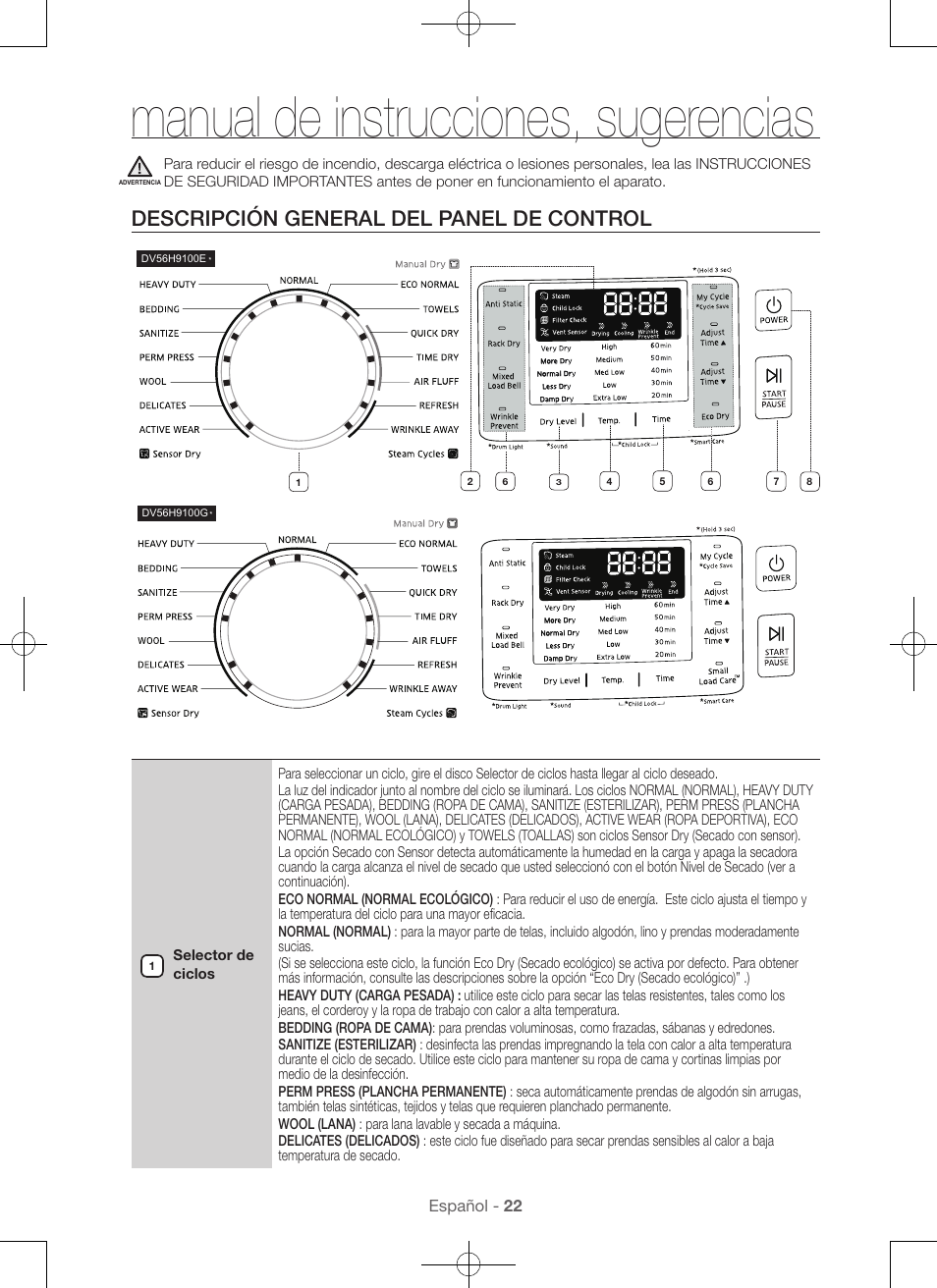 Manual de instrucciones, sugerencias, Descripción general del panel de control | Samsung DV56H9100EW-A2 User Manual | Page 110 / 132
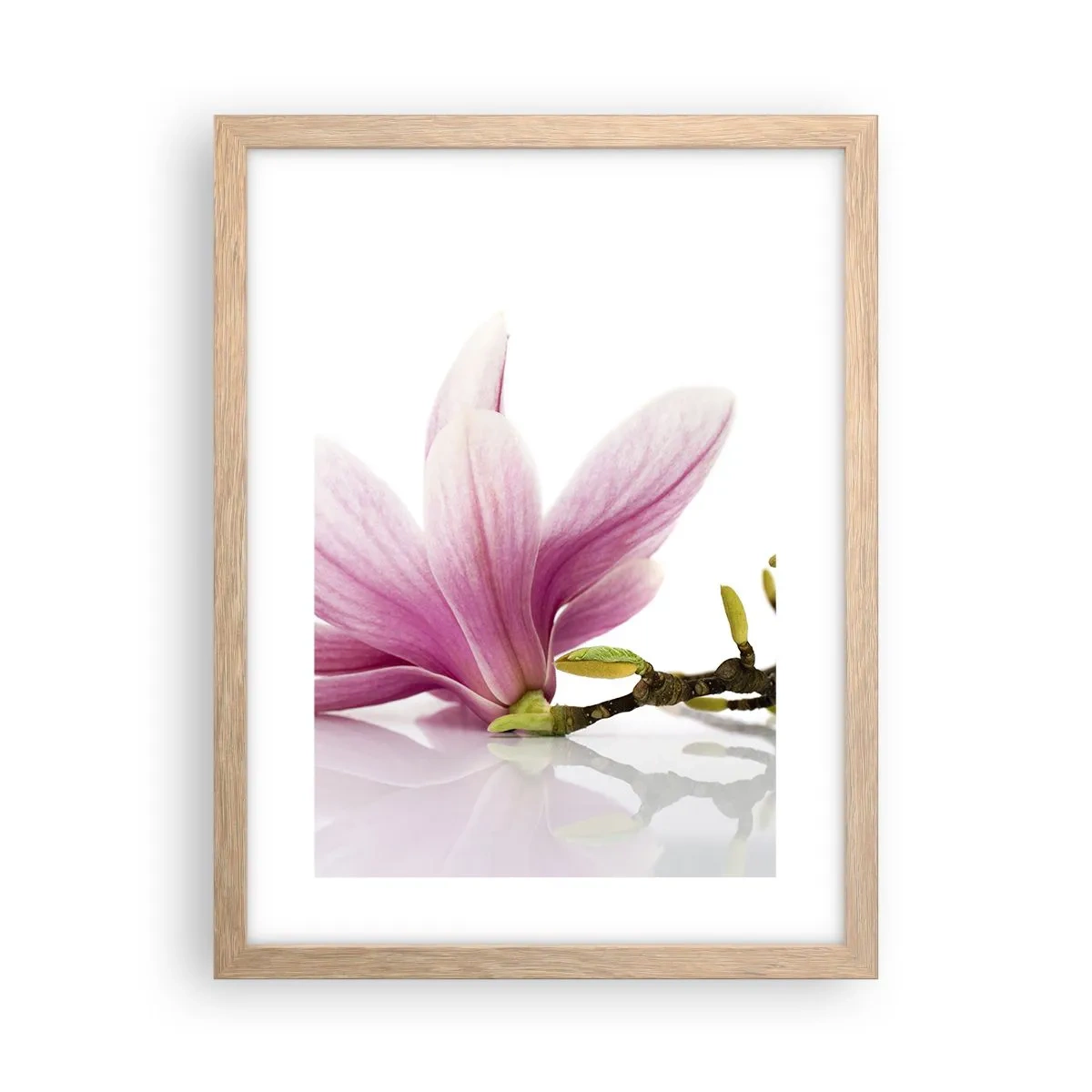 Pôster com moldura de carvalho claro - Suave como um sopro de primavera - 30x40 cm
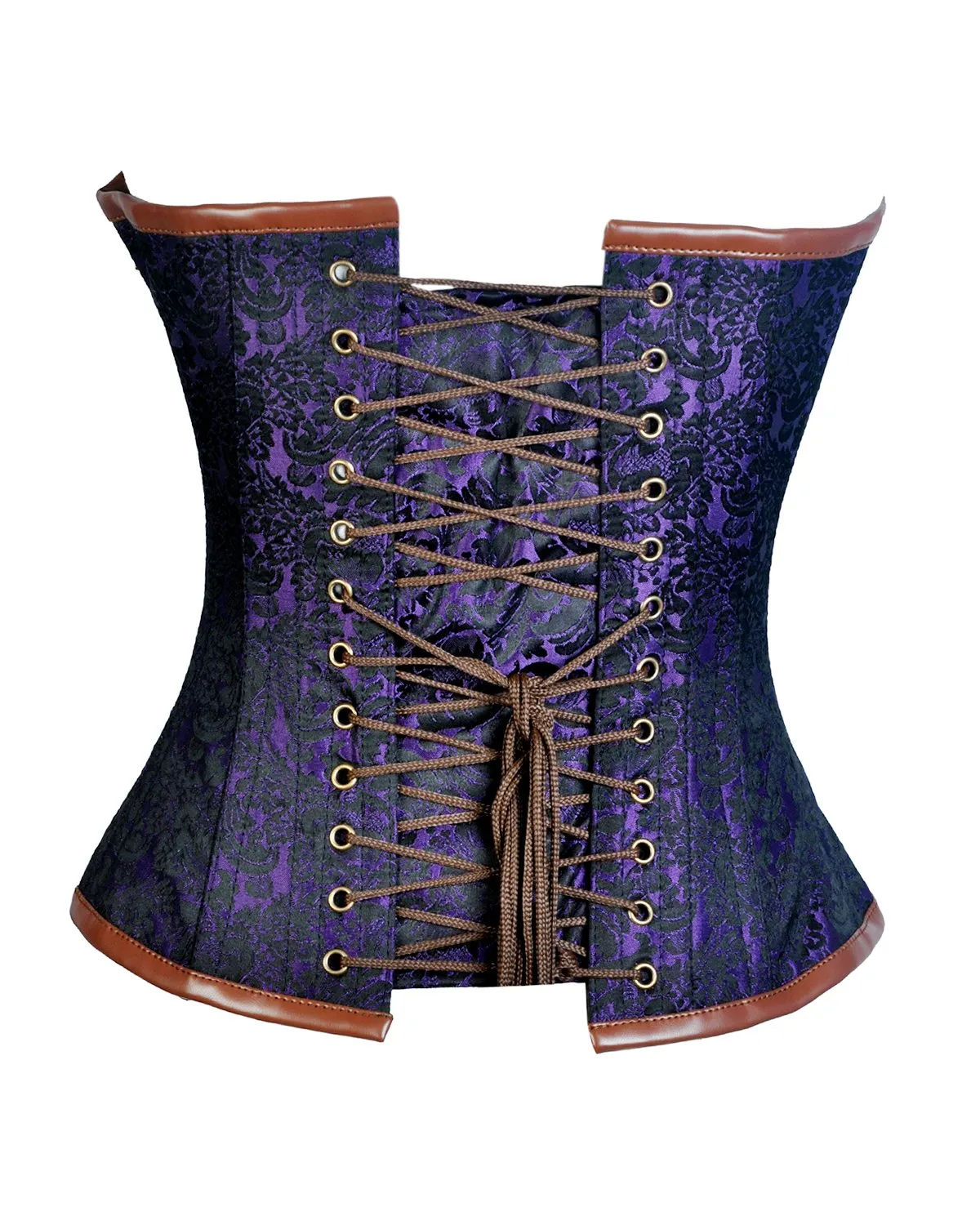 Conte Purple Brocade & Faux Leather Gothic Corset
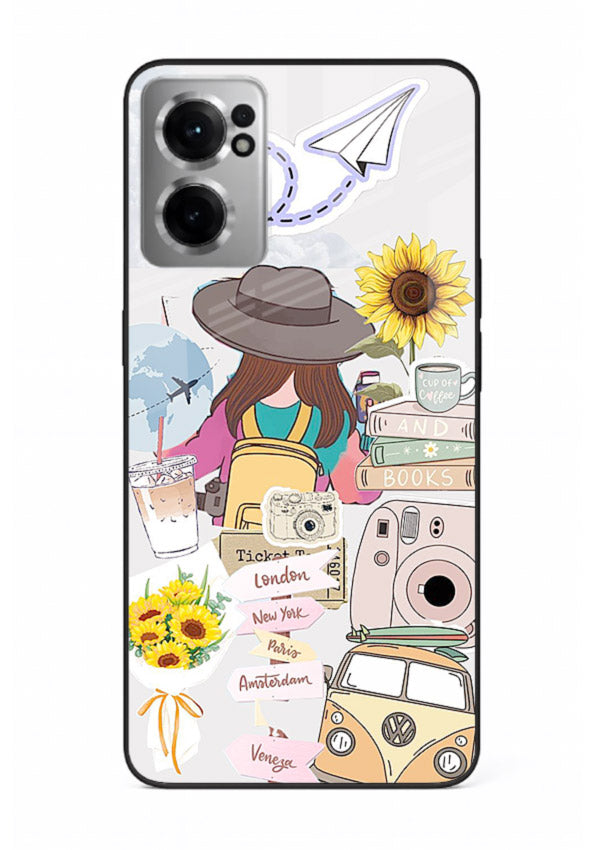Travel collage with sunflowers printed on OnePlus Nord CE2 5G glass back cover for bright uplifting inspiration.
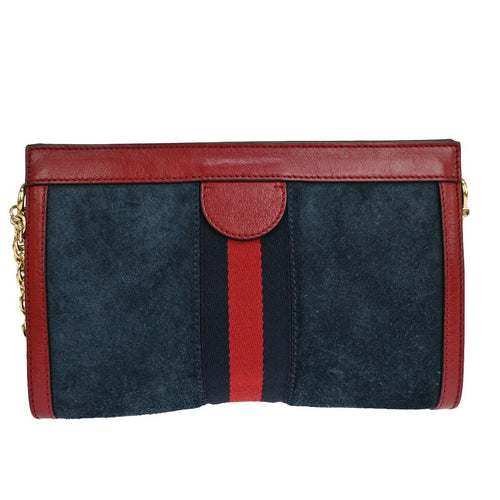 Gucci Ophidia Navy Suede Shoulder Bag (Pre-Owned)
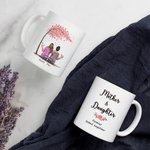 Taza de café de cerámica personalizada para madre e hija unidas para siempre 11oz Regalo de cumpleaños Día de la Madre para madre hija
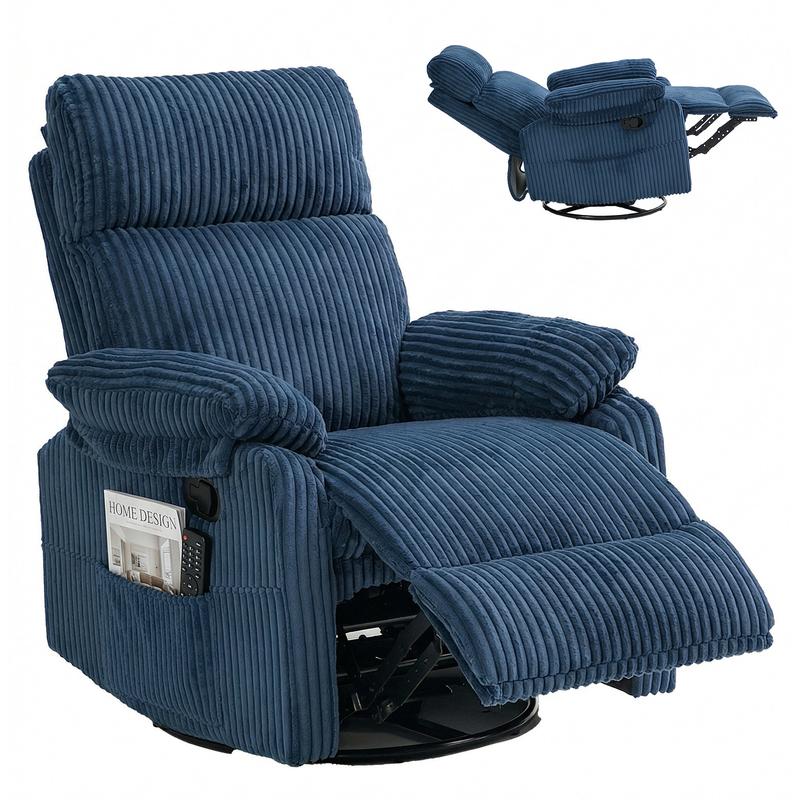 Sillón reclinable 3 en 1 con función de balanceo y giro: reclinación de 151°, giro de 360° y balanceo de 30°; sillón tapizado con bolsillos laterales para sala de estar, dormitorio, oficina, balcón o cualquier espacio; capacidad de 300 libras.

§ Assignment:
Each entry should come back exactly as written, with its pictures omitted.

§ Exercise output:
 Manual de instrucciones, sugerencias, Descripción general del panel de control | Samsung DV56H9100EW-A2 User Manual | Page 110 / 132
 Pôster com moldura de carvalho claro - Suave como um sopro de primavera - 30x40 cm
 Conte Purple Brocade & Faux Leather Gothic Corset
Travel collage with sunflowers printed on OnePlus Nord CE2 5G glass back cover for bright uplifting inspiration.
 Gucci Ophidia Navy Suede Shoulder Bag (Pre-Owned)
 Taza de café de cerámica personalizada para madre e hija unidas para siempre 11oz Regalo de cumpleaños Día de la Madre para madre hija
 Sillón reclinable 3 en 1 con función de balanceo y giro: reclinación de 151°, giro de 360° y balanceo de 30°; sillón tapizado con bolsillos laterales para sala de estar, dormitorio, oficina, balcón o cualquier espacio; capacidad de 300 libras.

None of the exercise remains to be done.